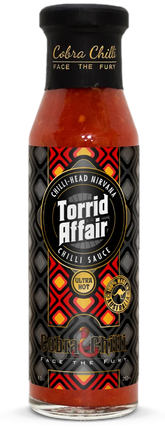 Cobra Chilli Torrid Affair Chilli Sauce Ultra Hot 250ml Hot Sauce — transparent bottle cutout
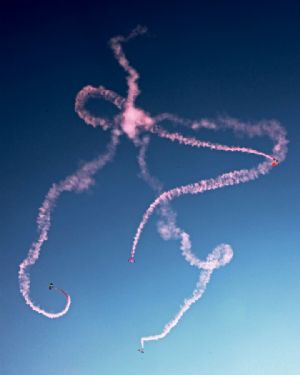 Members of the Bayi (August 1) Parachute Jumping Team of the Air Force of the Chinese People's Liberation Army (PLA) perform to celebrate the 10th anniversary of Macao's return to China, in Macao, south China, December 13, 2009. 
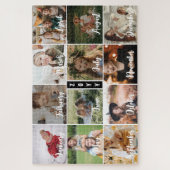 Zwarte 12 Fotomaanden & Jaar collage Legpuzzel (Verticaal)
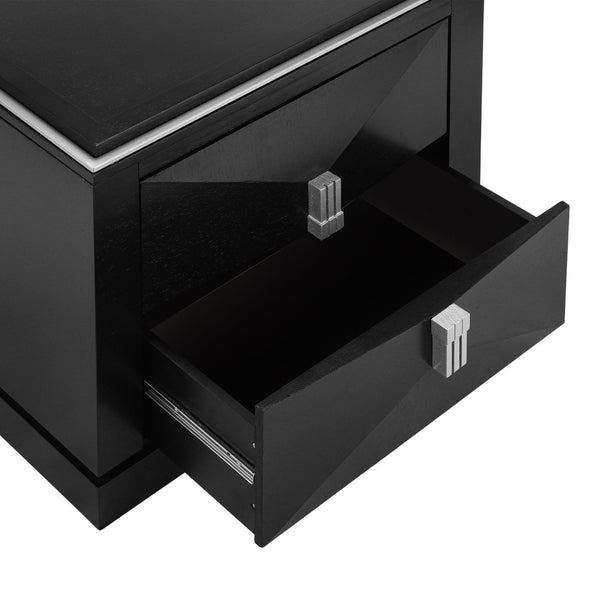 English Elm Mid-century Modern Nightstand with Diamond Geometric Drawers and Heavy Duty Wood Base Black N761P324094B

*Task item*
Please transcribe the listing exactly as it stands, but omit its pictures.

*Solved problem*
 Cobra Chilli Torrid Affair Chilli Sauce Ultra Hot 250ml Hot Sauce — transparent bottle cutout
 Members of the Bayi (August 1) Parachute Jumping Team of the Air Force of the Chinese People's Liberation Army (PLA) perform to celebrate the 10th anniversary of Macao's return to China, in Macao, south China, December 13, 2009. 
 Zwarte 12 Fotomaanden & Jaar collage Legpuzzel (Verticaal)
 English Elm Mid-century Modern Nightstand with Diamond Geometric Drawers and Heavy Duty Wood Base Black N761P324094B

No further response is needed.